● **Data shown**
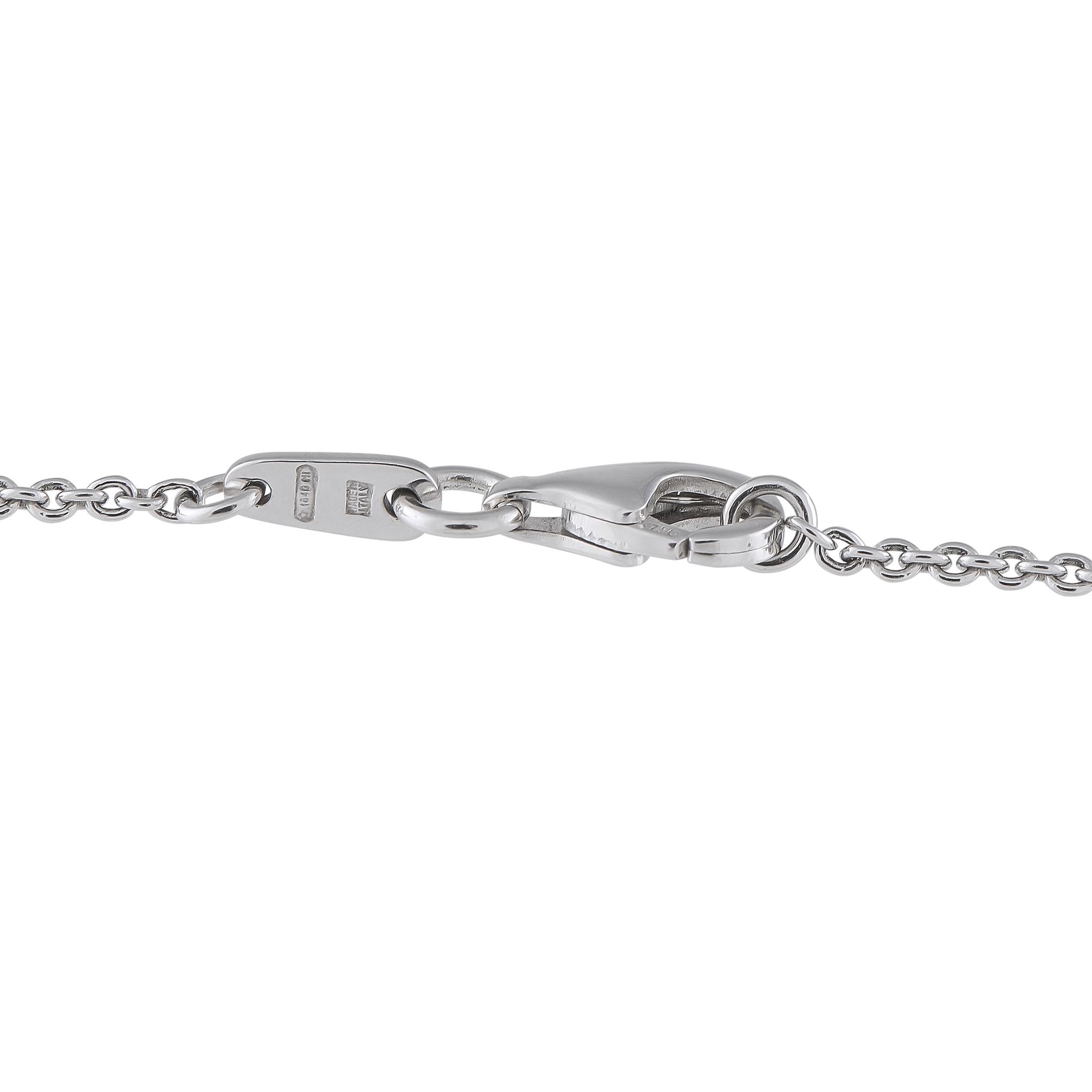 Round Cut Mikimoto 18K White Gold 3.16ct Diamond and South Sea Pearl Necklace For Sale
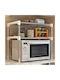 Factory Βάση για Φούρνο Μικροκυμάτων Μεταλλική 25x60x60.5εκ. Μπλε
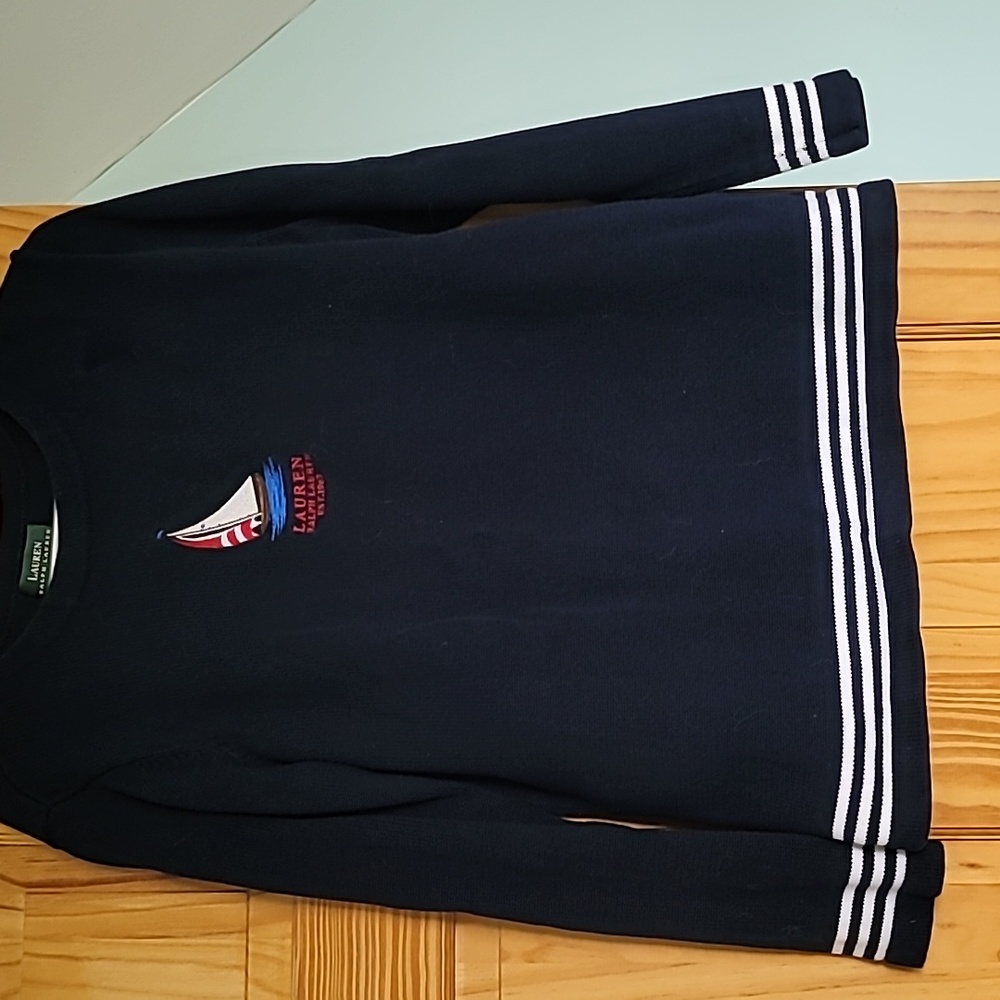Nautical Ralph Lauren cotton sweater large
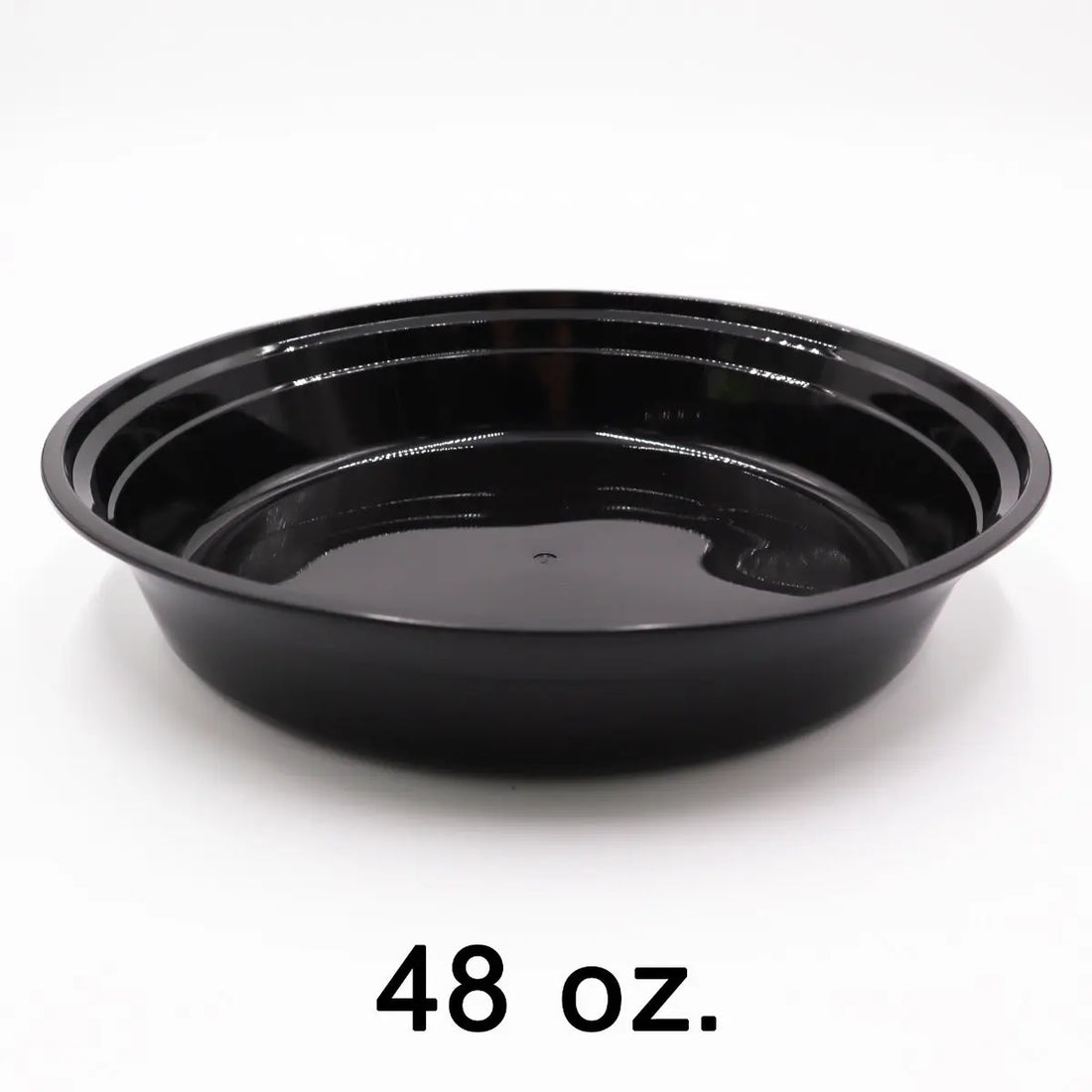 SUPERWIN 948 48 oz. black round plastic container set product view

● **Task item**
Would you reproduce the listing above in full and exactly, without its pictures?

● **Answer below**
 Round Cut Mikimoto 18K White Gold 3.16ct Diamond and South Sea Pearl Necklace For Sale
 Factory Βάση για Φούρνο Μικροκυμάτων Μεταλλική 25x60x60.5εκ. Μπλε
Nautical Ralph Lauren cotton sweater large
 SUPERWIN 948 48 oz. black round plastic container set product view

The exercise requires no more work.